Tiempo de preparación. 1 h y 10 minutos. Ingredientes para. 4 personas

Ingredientes. 135 gramos de chocolate negro al 70 por ciento de cacao, 130 gramos de mantequilla, 165 gramos de azúcar, 3 huevos y 50 gramos de harina. Además.mermelada de naranja y un puñado de nueces garrapiñadas.

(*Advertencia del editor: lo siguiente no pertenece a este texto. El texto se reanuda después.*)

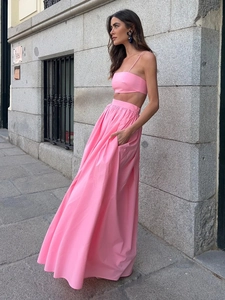 Ensemble rose tendance avec haut bandeau et jupe longue munie de poches latérales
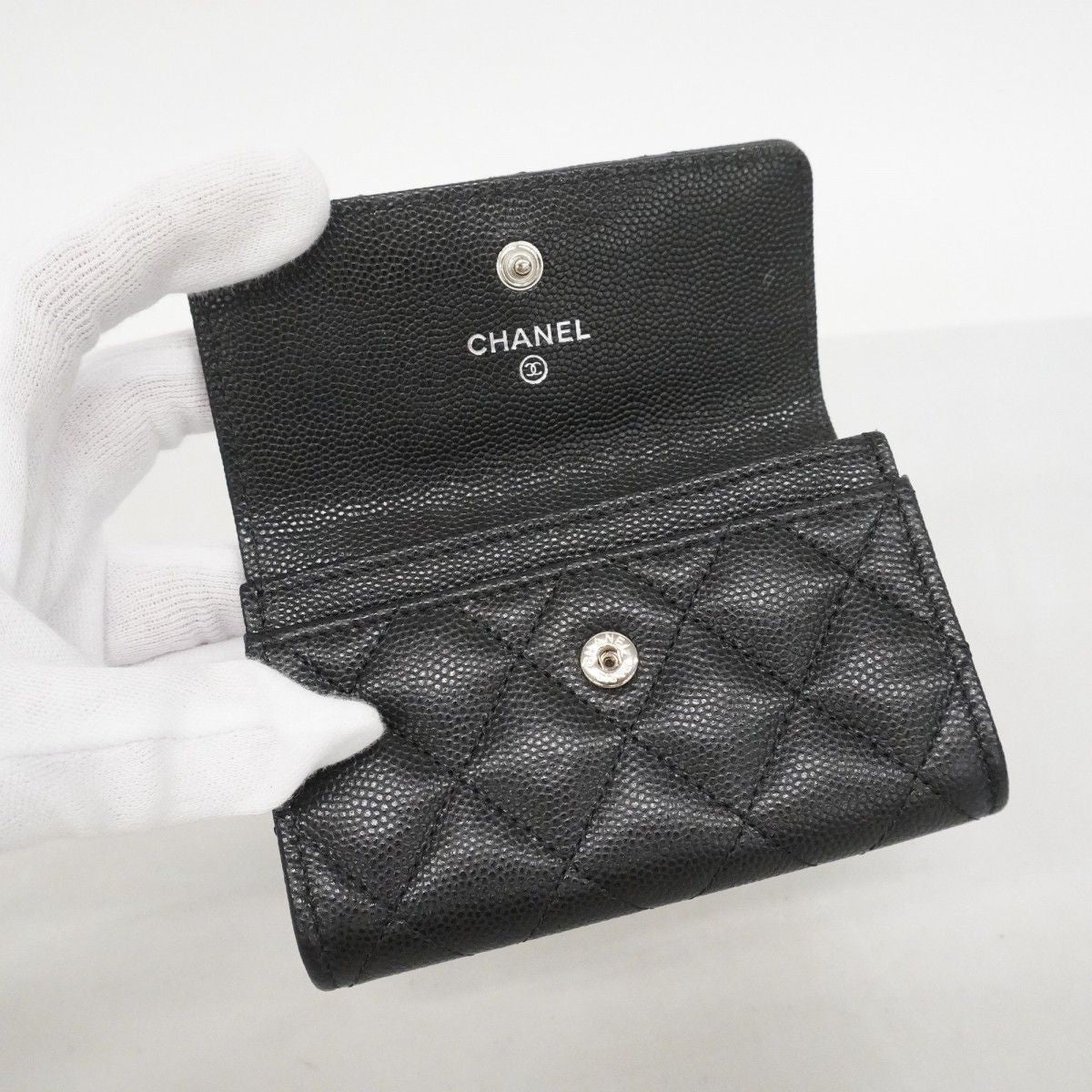 Chanel Card Case 19 Caviar Leather Black Silver — view 6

Elaboración. fundimos primero el chocolate al baño maría. Trabajamos después la mantequilla, en punto pomada, con una espátula. Mezclamos en un bol la mantequilla con el azúcar, agregamos los 3 huevos batidos y el chocolate fundido.Mezclamos bien y añadimos la harina tamizada. Volvemos a mezclar bien hasta que el conjunto forme una masa bien homogénea. Introducimos entonces la mezcla dentro de una manga pastelera.Debemos disponer en ese momento de un molde de silicona rectangular, idealmente como el de las imágenes de estas páginas, dividido en diversos compartimentos. Cubrimos dos terceras partes de cada celda del molde con la masa de chocolate y colocamos luego sobre ella una cucharada de café cubierta con mermelada de naranja.Volvemos a cubrir cada compartimento del molde con la masa y finalizamos la preparación de cada uno de ellos ‘coronándolos’ con dos medias nueces garrapiñadas.Acabado y presentación. una vez precalentado el horno a la temperatura de 160 C, horneamos los pastelitos durante unos 15 o 20 minutos aproximadamente, hasta que los pastelitos estén cuajados pero jugosos por dentro. Los retiramos finalmente del horno y los dejamos reposar hasta que se enfríen. Por último, los desmoldamos con mucho cuidado y los tenemos ya listos para emplatar, decorar a nuestro gusto y servir.

Paso a paso

1. Mezclamos en un bol la mantequilla con el azúcar, los tres huevos batidos y el chocolate que habíamos fundido antes.

2. Introducimos la masa dentro de una manga pastelera y cubrimos con ella dos terceras partes de cada celda del molde.

3. Colocamos sobre la masa de cada celda del molde una cucharada de mermelada de naranja (de las de café).

4. Añadimos por último con media nuez y horneamos.

Mis trucos

La mantequilla en pomada no es más que mantequilla a temperatura ambiente que está blanda. Su textura es maleable (si la tocas con el dedo, debe quedar la marca) y es muy fácil trabajarla e incorporarla a una masa.